Screening Process. We identified 10 023 citations. Two authors independently screened the abstracts of each citation and identified potentially relevant citations. Disagreements were discussed at a steering group. Non–English-language articles were translated for possible inclusion. This screening process yielded 170 articles.

Assessment of Study Eligibility. Up to 4 reviewers independently evaluated the articles, and disagreements were resolved at project steering group meetings. A total of 32 articles were determined to be eligible.

Data Extraction

We extracted data on study design, preference measurement, quality of randomization, blinding, and attrition. We collected information on proportion of eligible participants recruited; numbers consenting to randomization; and agreement at each allocation in trials in which participants were allocated to randomization or preference cohorts.5-6 Primary outcomes were identified through explicit statements, study hypotheses, and reported power analyses. Otherwise, the most likely primary outcome was chosen by consensus (M.K., I.N., and F.L.). We extracted numbers of participants with primary outcome data as well as summary data on the primary outcome(s) at baseline and each follow-up. We examined the trialists’ analysis plans and the results of their analyses. When necessary, we contacted authors for further information. When this was not forthcoming, the trial was included in the review but excluded from our reanalysis. We classified the primary outcomes as subjective or objective. Subjective outcomes were defined as measures of perception of or satisfaction with treatment (directly by self-report or indirectly through clinic attendance); self-reported symptoms; or self-reported behavior. Objective outcomes were those measured independently of the participant such as results of medical tests, mortality, and clinical signs.
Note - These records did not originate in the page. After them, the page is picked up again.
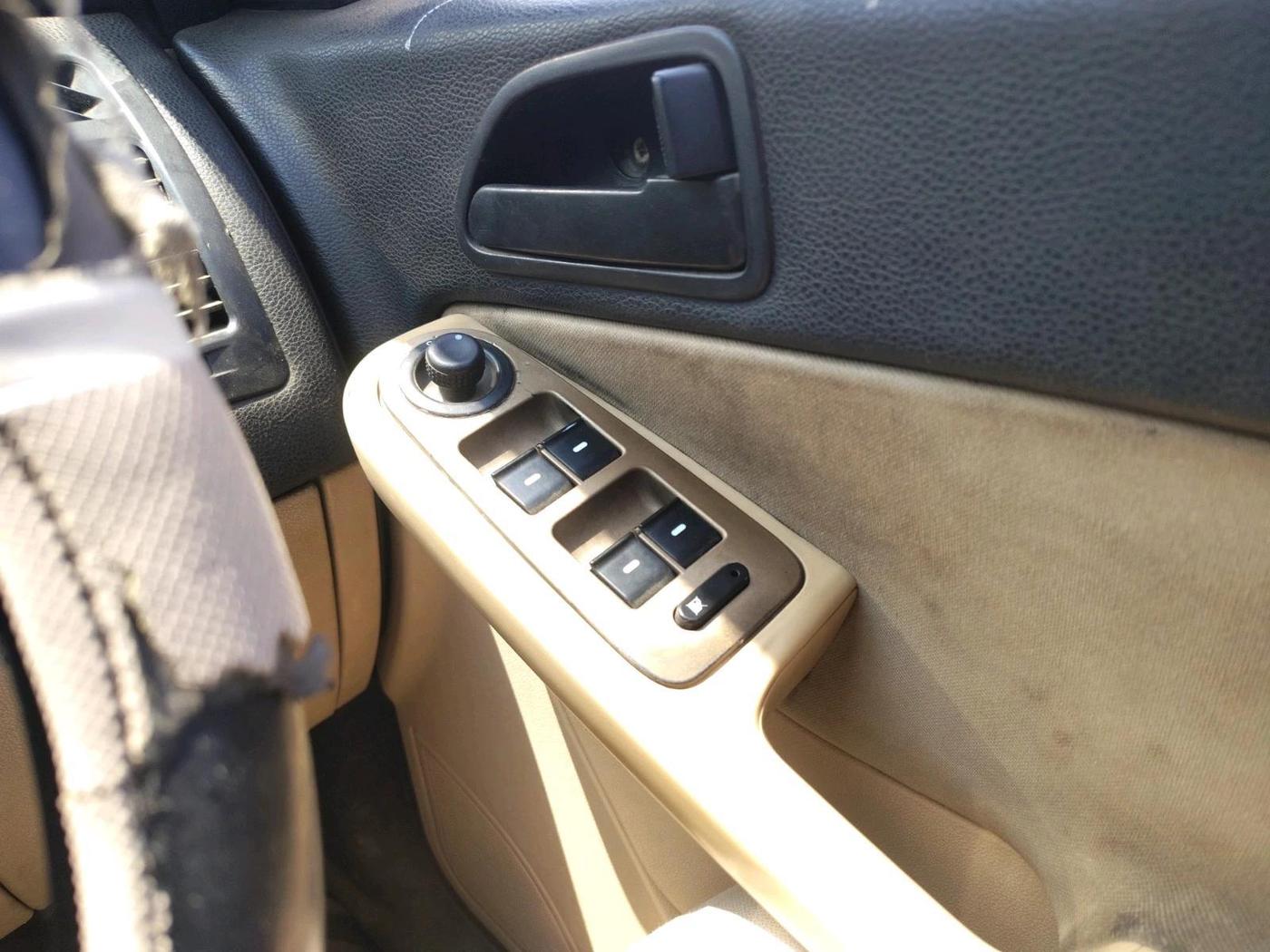 2011 Tata Indica Vista AURA QUADRAJET, Diesel, Manual, 1,51,001 km, interior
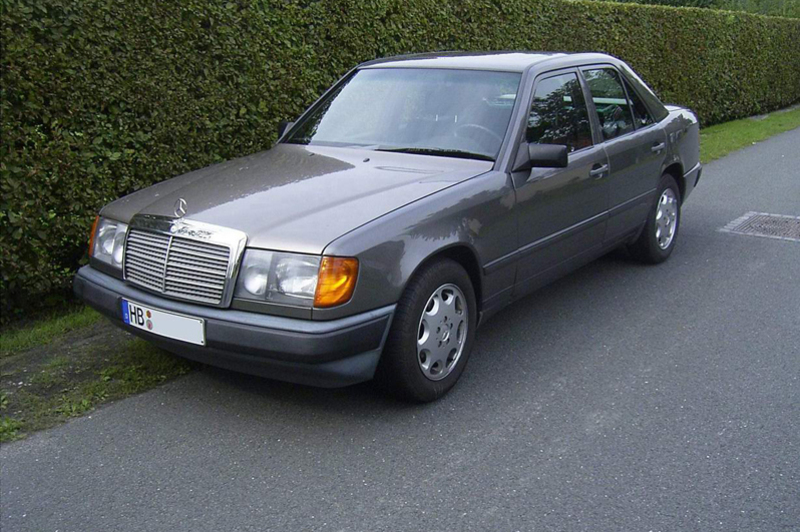 Mercedes-Benz 230 (1985-93)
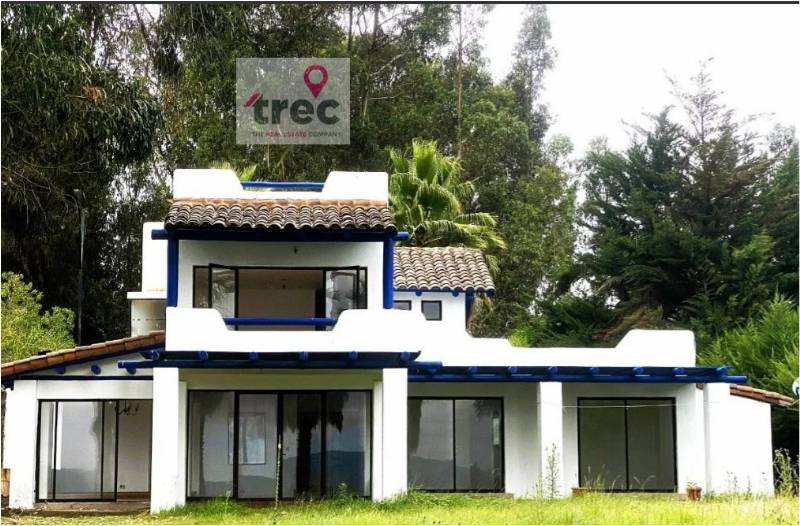 CASA CONDOMINIO LA PENNSULA EN RAPEL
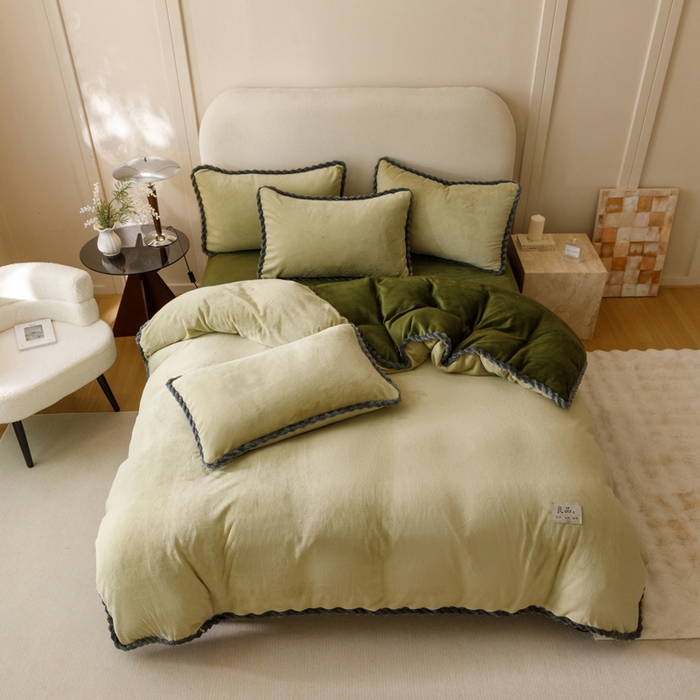 91家纺网 家纺一手货源 找家纺 早晨家纺 2025新款纯色双拼牛奶绒-可拆卸冬被 双拼浅水绿+橄榄绿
Notation. For interventions 1 (experimental) and 2 (control), we represent the randomization groups by R1 and R2 and the preference groups by P1 and P2. In comprehensive cohorts, participants in groups P1 and P2 are those that refused randomization while in 2-stage trials they are those that were randomized to choose their treatment.

Data Synthesis

Analysis of Preference Effects on Recruitment and Attrition. We examined whether preferences influenced recruitment to trials by examining participation rates and consent to randomization. For comprehensive cohort studies, we examined differences in baseline characteristics between patients who had preferences and those who agreed to randomization by summarizing the numbers and results of reported significance tests.

We examined attrition by ascertaining the percentage of patients lost to follow-up for the primary outcome in the randomization and preference arms of each trial. These percentages were compared between groups using a paired t test (pairing randomization and preference groups within each study) weighted for sample size.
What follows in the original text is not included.